Die Anfänge der Hilfe von „Kirche in Not“ für Polen liegen sogar noch weiter zurück. Bereits 1957 traf Pater Werenfried den polnischen Primas, Stefan Kardinal Wyszyński, in Rom. Dieser bat ihn, die Ausbildung von Seminaristen und den Lebensunterhalt kontemplativer Schwestern in Polen zu unterstützen, da er die Auseinandersetzung mit dem Kommunismus vor allem als einen geistlichen Kampf betrachtete. Auch die theologischen Ausbildungsstätten, viele im Verborgenen, die Versorgung der Priester in den Gemeinden, Treffen von Laien und kirchlichen Gruppen: All das und noch vieles mehr hat KIRCHE IN NOT in Polen unterstützt.

 

Als 1981 in Polen das Kriegsrecht verhängt wurde und viele Menschen in tiefe Not stürzte hat KIRCHE IN NOT zusammen mit anderen Organisationen die Aktion „Ein Schiff für Polen“ auf die Beine gestellt. Hunderte Tonnen an Lebensmitteln, Sanitärartikel, Kleidung, sogar Nähmaschinen und Messwein wurden seinerzeit nach Polen geschickt. Das war bis dahin die größte karitative Hilfsaktion von KIRCHE IN NOT.

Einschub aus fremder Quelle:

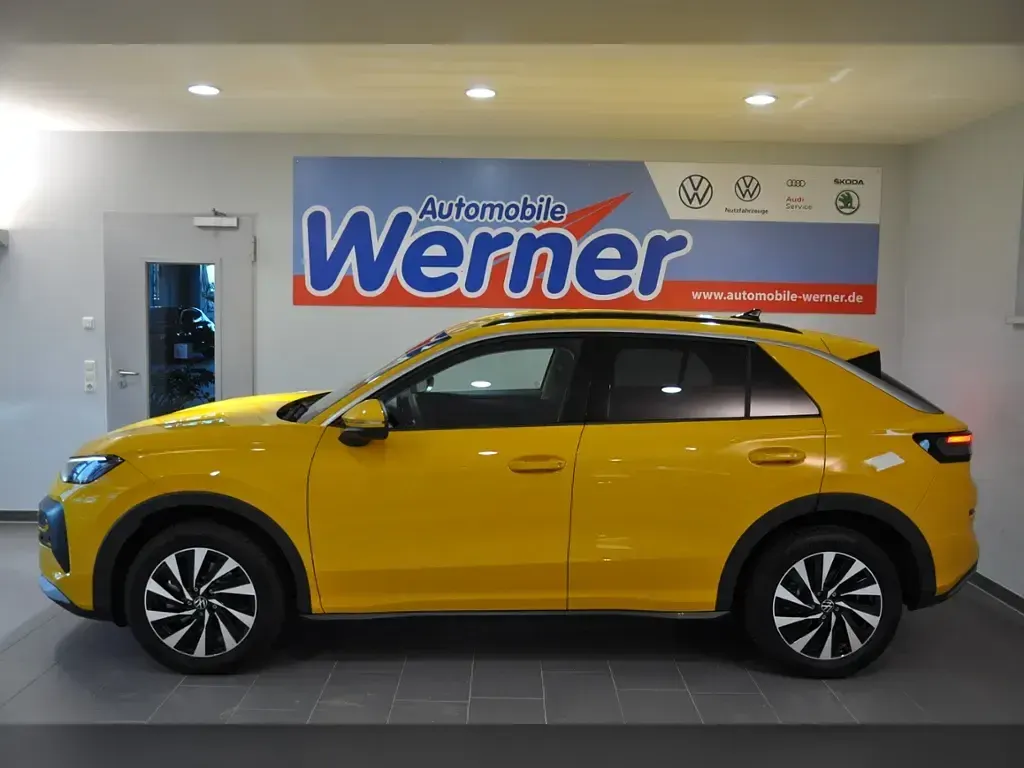 Gebraucht VW T-Roc Life 116 PS (85 kW) 2026 Gelb SUV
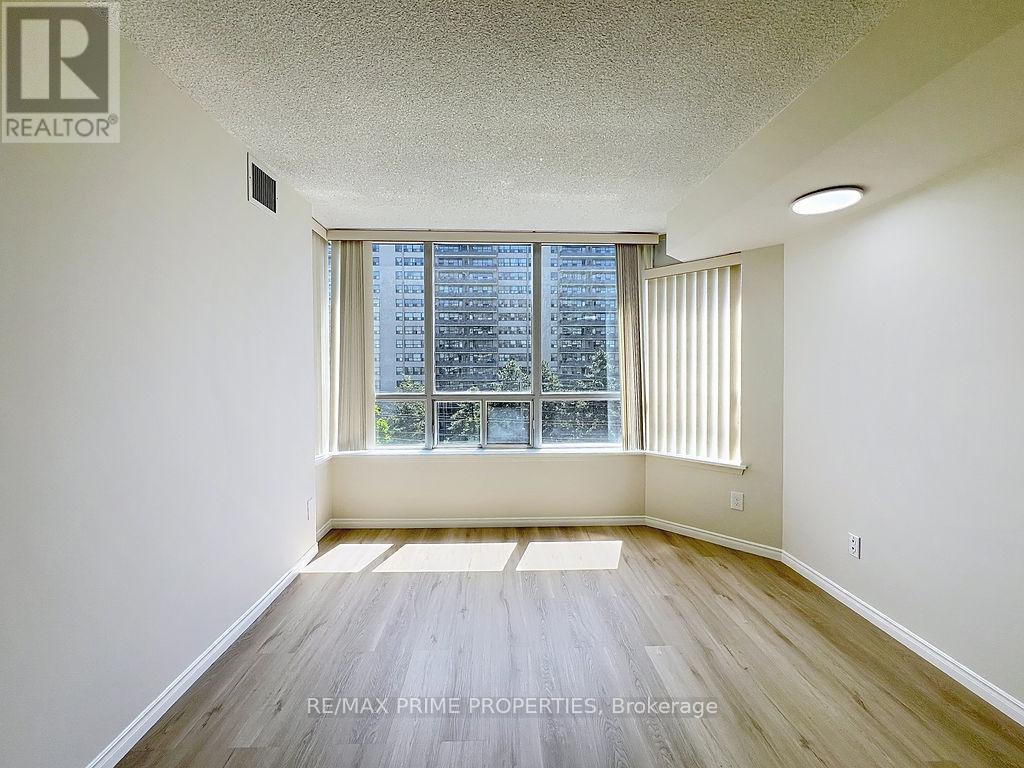608 - 91 Townsgate Drive, Vaughan (Crestwood-Springfarm-Yorkhill), Ontario  L4J 8E8 - Photo 12 - N12152876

Pater Werenfried van Straaten und Papst Johannes Paul II. (Foto: Lido Santoni).
2004 hat KIRCHE IN NOT eine internationale Wallfahrt von Mitarbeitern und Wohltätern nach Polen veranstaltet, bei der auch eine heilige Messe in der Schiffskirche in Anwesenheit von Józef Gorzelany gefeiert wurde. Die Pilger konnten sich während der Reise ein Bild von der Wiederauferstehung der polnischen Kirche machen und eines der wichtigsten KIRCHE IN NOT-Projekte in der Zeit des Kalten Krieges besuchen, das ein Symbol des Widerstandes, aber auch der Hoffnung bleibt. Gorzelany starb am 7. November 2005 und hat auf dem Rakowicki-Friedhof in Krakau seine letzte Ruhestätte gefunden. Eine der Glocken der „Kirche der Mutter Gottes, der Königin von Polen“ trägt seinen Namen und wird auch in Zukunft an den Baumeister von Nowa Huta erinnern.